### Task brief
If an entry holds a picture, leave that picture out. Give everything else again exactly.
>>>
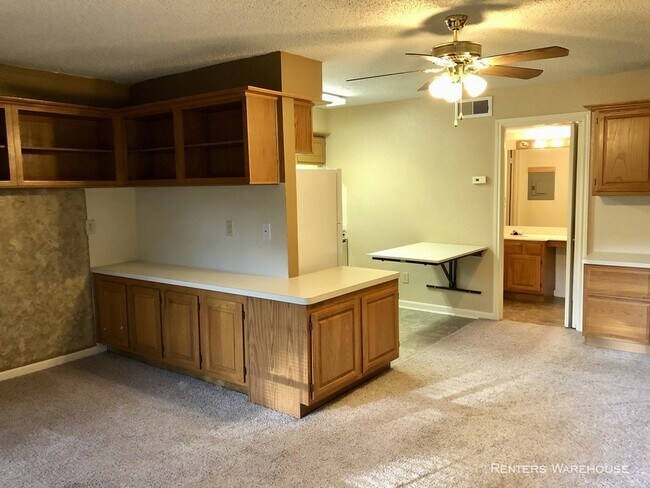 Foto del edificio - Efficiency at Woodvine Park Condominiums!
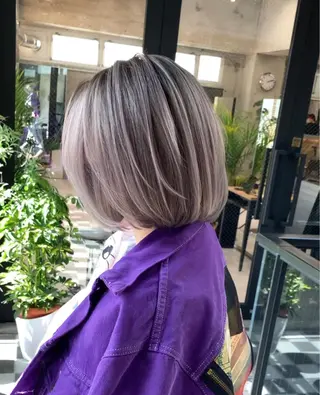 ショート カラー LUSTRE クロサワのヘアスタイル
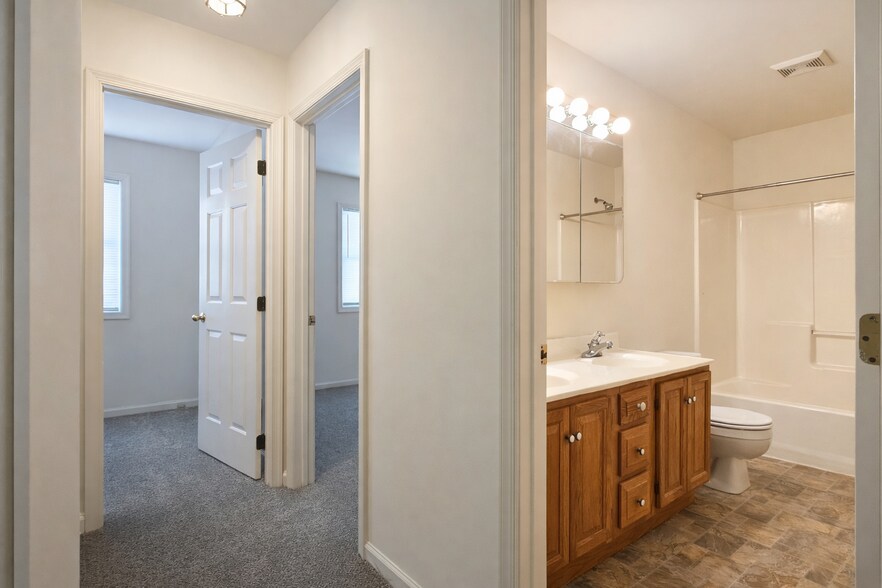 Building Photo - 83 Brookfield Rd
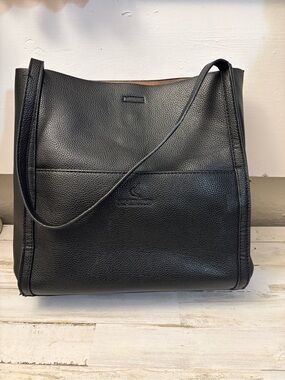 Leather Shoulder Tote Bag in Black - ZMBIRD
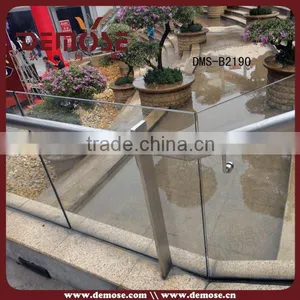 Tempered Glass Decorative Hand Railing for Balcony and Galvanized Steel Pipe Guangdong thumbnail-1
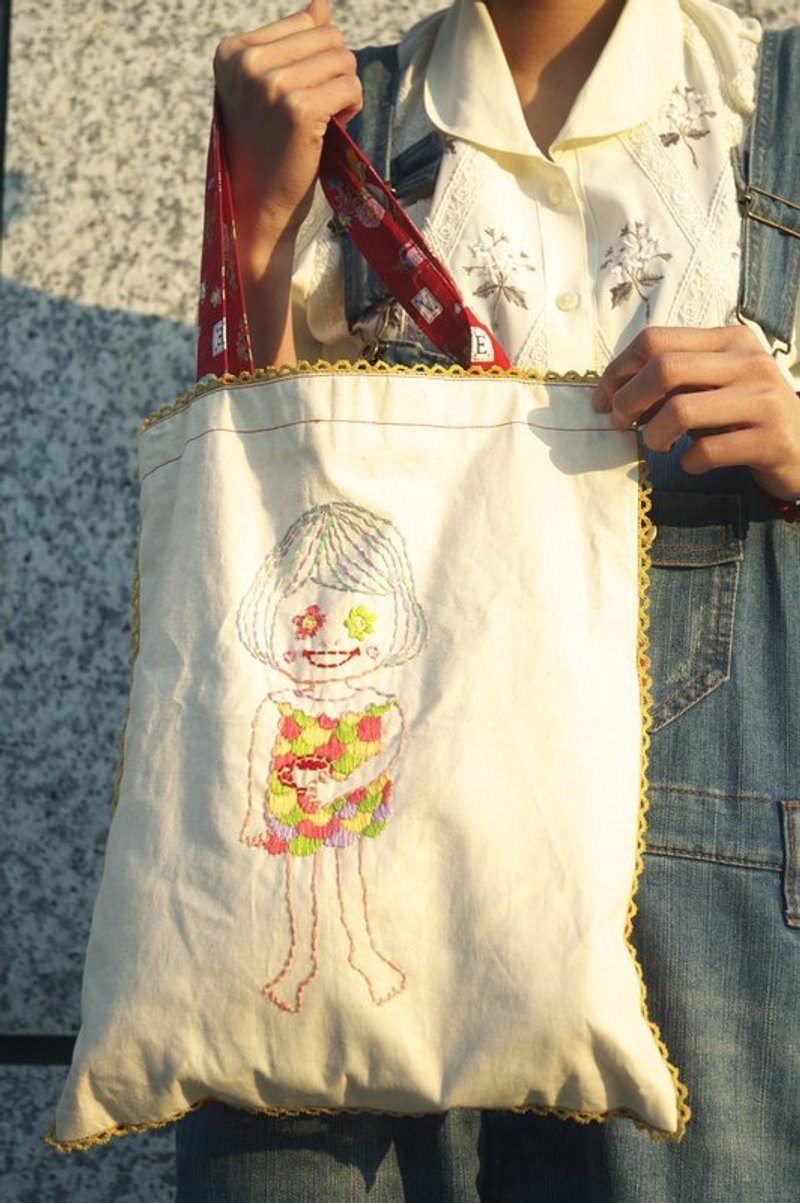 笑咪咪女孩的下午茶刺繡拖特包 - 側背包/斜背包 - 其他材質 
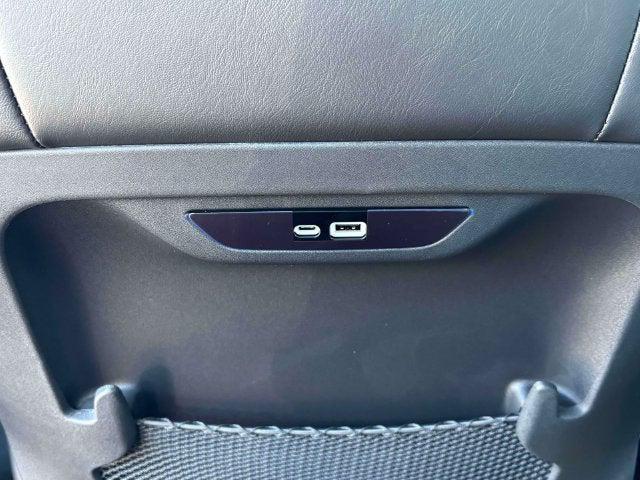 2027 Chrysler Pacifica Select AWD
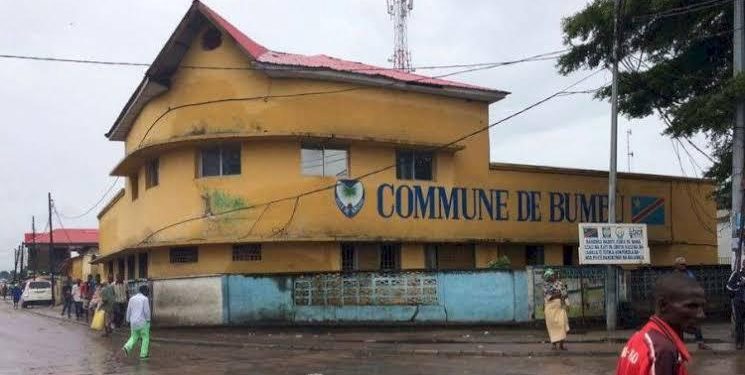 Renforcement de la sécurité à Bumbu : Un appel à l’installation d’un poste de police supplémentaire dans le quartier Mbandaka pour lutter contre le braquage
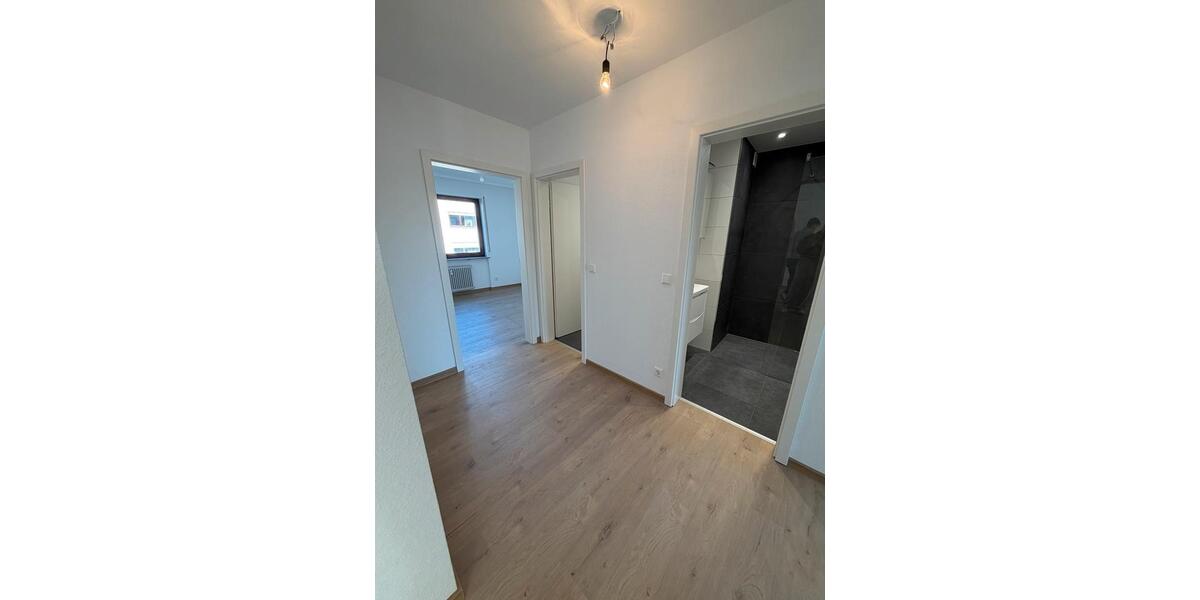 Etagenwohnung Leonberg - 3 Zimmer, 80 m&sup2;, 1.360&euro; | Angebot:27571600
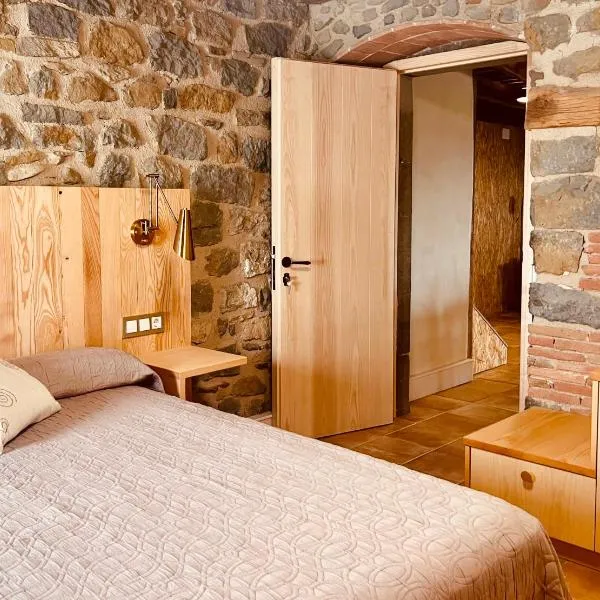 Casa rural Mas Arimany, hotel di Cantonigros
<<<
### Solution for this task
 Foto del edificio - Efficiency at Woodvine Park Condominiums!
 ショート カラー LUSTRE クロサワのヘアスタイル
 Building Photo - 83 Brookfield Rd
 Leather Shoulder Tote Bag in Black - ZMBIRD
 Tempered Glass Decorative Hand Railing for Balcony and Galvanized Steel Pipe Guangdong thumbnail-1
 笑咪咪女孩的下午茶刺繡拖特包 - 側背包/斜背包 - 其他材質 
 2027 Chrysler Pacifica Select AWD
 Renforcement de la sécurité à Bumbu : Un appel à l’installation d’un poste de police supplémentaire dans le quartier Mbandaka pour lutter contre le braquage
 Etagenwohnung Leonberg - 3 Zimmer, 80 m&sup2;, 1.360&euro; | Angebot:27571600
 Casa rural Mas Arimany, hotel di Cantonigros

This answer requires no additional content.